Multiple Registration Server Failures

An outage of both of the TeamDrive Registration Server instances (regsrv01 and regserv02) should be simulated/triggered in the following ways:

  • Shutting down the Apache httpd Servers running service httpd stop on both instances.
  • Shutting down the network connections, e.g. by running service network stop, ifconfig eth0 down on both instances, or by disconnecting the virtual network interfaces via the virtual machine management console.
  • Shutting down the entire virtual machines e.g. via the virtual machine management console or by running poweroff.

Expected results:

  • The load balancer should detect that the Registration Server instances are no longer available and stop redirecting any incoming traffic to the instances. Incoming requests should be answered with an appropriate error code (HTTP error code 503 - Service Unavailable). If configured, a notification about the outage should be sent out to the monitoring software.
  • The monitoring software should raise an alert about the Registration Server instances being unavailable, specifying the nature of the outage (e.g. httpd process missing, network unavailable, etc.).
  • The TeamDrive Service will be impacted/affected as outlined in chapter Entire Registration Server Outage.

Once the outage has been resolved and at least one of the Registration Server instances has been recovered, the following is expected to happen:

  • The load balancer should detect that a Registration Server instance is available again. Incoming traffic should be redirected to this instance and incoming requests should no longer result in HTTP errors.
  • The monitoring software should detect the service recovery and perform the respective actions (e.g. resetting the alert, sending an update notification).
  • Once the TeamDrive Clients have noticed the service being available again, operations should proceed as before.

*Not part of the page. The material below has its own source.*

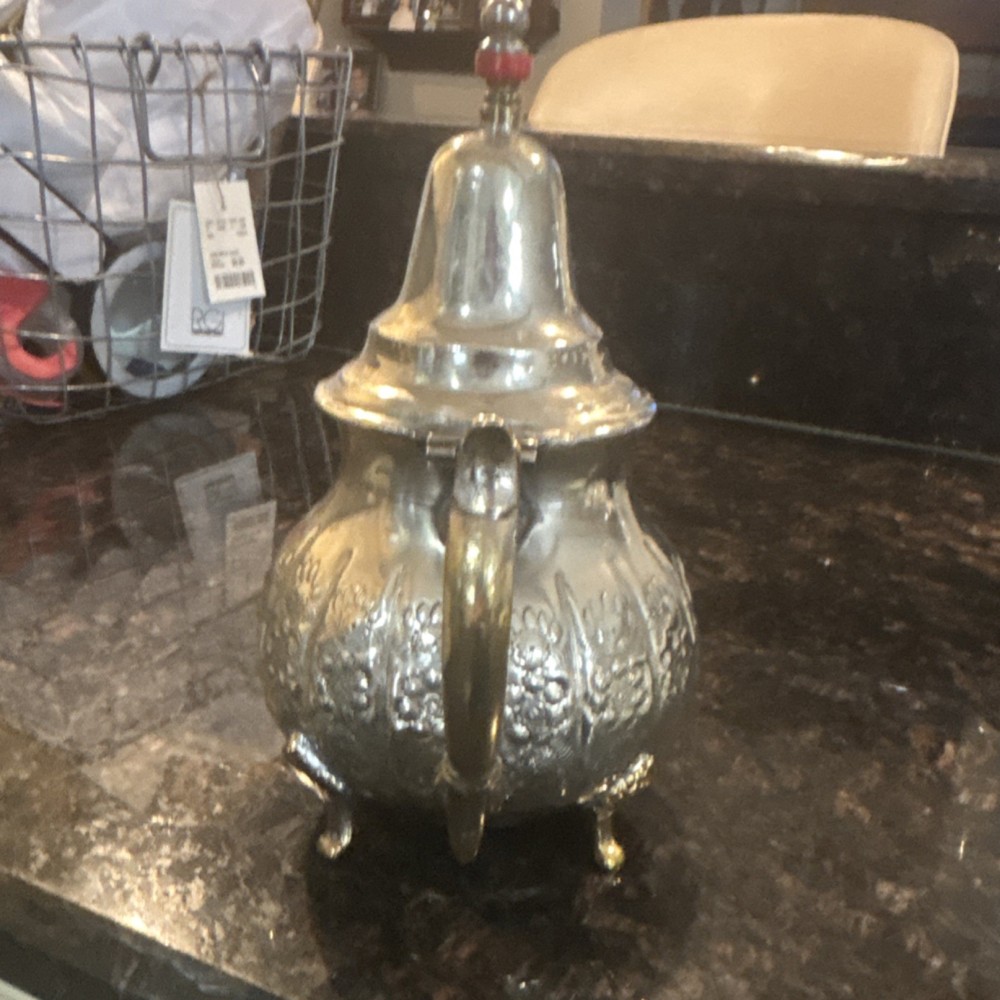 Vintage Moroccan Teapot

Testing MySQL Server Failures

An outage of one of the MySQL Server instance (td-mysql) should be simulated/triggered in the following ways:

  • Shutting down the MySQL Server by running service mysqld stop.
  • Shutting down the network connection, e.g. by running service network stop, ifconfig eth0 down or by disconnecting the virtual network interface via the virtual machine management console.
  • Shutting down the entire virtual machine e.g. via the virtual machine management console or by running poweroff.

Expected results:

  • The Registration Server instances will no longer be able to handle incoming Client requests as outlined in chapter MySQL Database Outage.
  • The monitoring software should raise an alert about the MySQL Server instance being unavailable, specifying the nature of the outage (e.g. mysqld process missing, network unavailable, etc.).

Once the outage has been resolved and the MySQL Server is available again, the following is expected to happen:

  • The TeamDrive Registration Server instances will continue to operate where they were interrupted by the MySQL Server outage. The TeamDrive Clients will pick up wherey they left, synchronizing all accumulated/pending changes.
  • The monitoring software should detect the service recovery and perform the respective actions (e.g. resetting the alert, sending an update notification).

Testing Load Balancer Failure

Since all TeamDrive instances are accessed through a load-balancer, an outage of this component should be tested as well:

  • Shutting down the load balancer
  • Removing the network connections to the TeamDrive Server components

Expected results:

  • The Registration Server instances will no longer be able to handle incoming Client requests as outlined in chapter Entire Registration Server Outage.
  • The monitoring software should raise an alert about the load balancer instance being unavailable, specifying the nature of the outage.

Once the outage has been resolved and the load balancer is available again, the following is expected to happen:

  • The TeamDrive Registration Server instances will continue to operate as soon as they receive incoming Client requests again. The TeamDrive Clients will pick up where they left, synchronizing all pending changes that have accumulated in the meanwhile.
  • The monitoring software should detect the service recovery and perform the respective actions (e.g. resetting the alert, sending an update notification).